Pourquoi ne nous contentons-nous pas de voir ce que nous voyons scientifiquement ? Avons-nous une tendance naïve à peupler notre vision du monde de représentations imaginaires, en y mettant une France, une population française dans son ensemble, un État français, qui ne sont plus des choses inanimées ou sans unité, mais qui sont comme des grands géants, capables de vouloir et d'agir d'un seul bloc ? Que gagnons-nous à dire que ce ne sont pas simplement des Français, éventuellement à la tête de l'État français, qui ont fait tels ou tels actes, mais que ce sont la France, la population française dans son ensemble, ou l'État français eux-mêmes, qui ont fait ces actes ?
Voir son pays comme un grand géant capable d'action, à la manière de Jaspers.
À la sortie de la deuxième guerre mondiale, le philosophe Karl Jaspers avait écrit un livre, La culpabilité allemande, où il expliquait comment on peut, de manière tout à fait rationnelle, voir son pays comme un grand géant, un être qui fait des actes. Le but du livre était de s'interroger sur la culpabilité de tel ou tel Allemand de l'époque, voire de tous les Allemands de l'époque voire de toutes les époques, voire de l'Allemagne elle-même ou de l'État allemand lui-même. Étaient-ce seulement les dirigeants, policiers et militaires nazis qui devaient se sentir coupables des crimes nazis ? Ou bien d'autres êtres devaient-ils se sentir coupables, et alors lesquels et de quelle manière ?
Selon Jaspers, les actes des dirigeants d'un État ne sont pas seulement les leurs : chaque membre de la société est responsable des actes que font les dirigeants de son État. Quand un dirigeant de l'État agit, c'est la population toute entière qui agit à travers lui, et par suite c'est l'État et le pays qui agissent, parce que l'État et le pays représentent cette responsabilité collective.
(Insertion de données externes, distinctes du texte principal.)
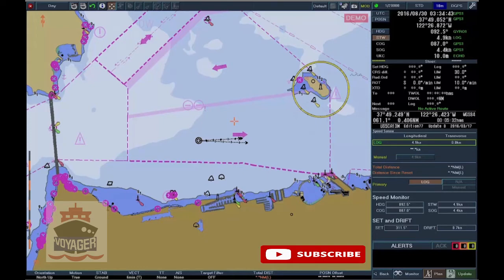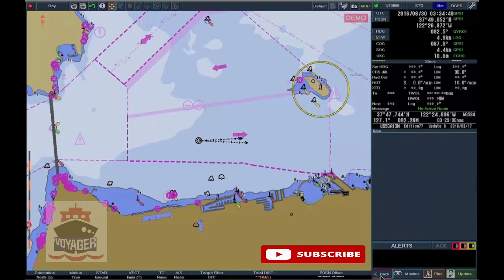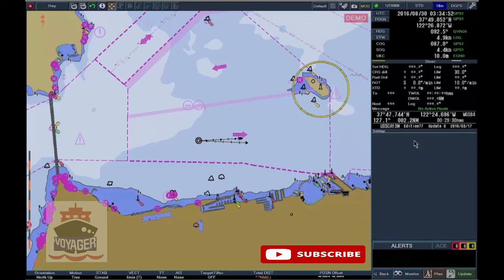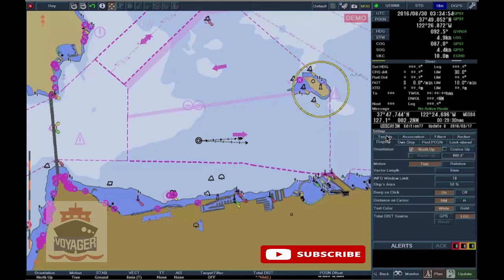To select GPS as Total Distance Source, click on Back, select Settings, open the Display tab, and select the GPS button. The letter G at the end of the total distance value on the status bar indicates the information source is GPS.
Quand Jaspers dit que tel ou tel État fait tel ou tel acte, il a seulement l'air de décrire simplement ce qu'il voit scientifiquement, comme quand on dit que tel ou tel individu fait tel ou tel acte. Mais en vérité, pour voir un État agir, il faut à Jaspers faire beaucoup plus que cela. Il lui faut voir un lien de responsabilité, entre les actes des dirigeants de l'État et tous les membres de la société. Il lui faut voir l'État lui-même comme le représentant de cette responsabilité collective, et non plus comme ce qu'il est d'un point de vue scientifique, c'est à dire un pouvoir politique, un principe de coordination des membres de la société. Il lui faut voir la société dans son ensemble comme la représentante de cette responsabilité collective, et non plus comme ce qu'elle est d'un point de vue scientifique, c'est à dire un ensemble d'individus ayant entre eux une certaine cohésion et une certaine coordination, et vivant sur un même territoire. La vison de Jaspers, de l'État et de la société comme de grands géants capables d'agir d'un seul bloc, a donc de manière irréductible une dimension qui échappe à la science, et qui n'est même pas simplement descriptive : une dimension qui contient des affirmations normatives, des règles, qui se situent sur un plan éthique, selon lesquelles telles ou telles choses qu'on peut voir scientifiquement sont reliées par un lien de responsabilité, à telles ou telles autres choses qu'on peut voir scientifiquement.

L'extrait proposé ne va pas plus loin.